I am learning to communicate effectively for a variety of purposes using increasingly challenging ideas so that I can share my ideas and justify my opinions.

Success criteria

  • I can identify the opinion put forth in a poem.
  • I can discuss my ideas with my group.
  • I can provide reasons for my choices.
  • I can present my opinions in a poem.

Prior to reading Meet the Heat (or, The Wicked Chillies Ballad) discuss students’ views about eating chilies. Students will most likely love or hate them. Allow time for students to share ideas in favour of and against eating chilies.

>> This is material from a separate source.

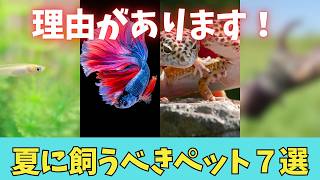 実は夏が始めどき！初心者におすすめのペット7選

Read Meet the Heat (or, The Wicked Chillies Ballad). Identify the opinion put forth in the poem (that people should eat chilies as they are a delicious treat). Discuss how the poet presents this information (by using humour, an informal style and personification). Identify examples of language that reveal the style, for example:

-we’re a sizzling, sensational treat

Put us in your salad
for a searing and interesting meal.

Listen to the song Avocado by Vegetable Plot. Emphasise that this is another example of a humorous text that features a fruit. Discuss other types of food that students may have strong feelings about, such as fish, pickles, broccoli.

As a class select one of these ideas, for example fish. Inform students that they will be composing a poem to be performed orally to share their opinions about eating fish. Discuss factual information about eating fish, for example, it contains omega 3, it is a healthy protein source, it contains many vitamins and minerals.

Discuss students’ opinions about fish, reminding students that it is important to respect the ideas of others when sharing our own opinion. List reasons why students like and dislike eating fish on the board. Ideas include: it is tasty, it’s great with chips, it is nice in sauce and for reasons why students may dislike eating fish, it smells strange, it tastes odd, it is a funny texture. Tell students that they do not need to follow a rhyming pattern and that instead the focus is on outlining the ideas of their group in a fun way. Collaboratively compose a poem outlining one view on eating fish, for example that it is not tasty. A sample response is:

Oh fish, why are you on my dish,

You taste so bad, like rubbish,

If only my mum would look away,

You’d end up in the bin, hooray!

Place students in groups with others who hold similar views. Instruct students to work with their group to compile a list of reasons why they feel they like/dislike eating fish. Tell students that once they have discussed their ideas that they should compose their own poems about eating fish, to outline their opinions.

Once complete, allow time for students to share their poems with another group.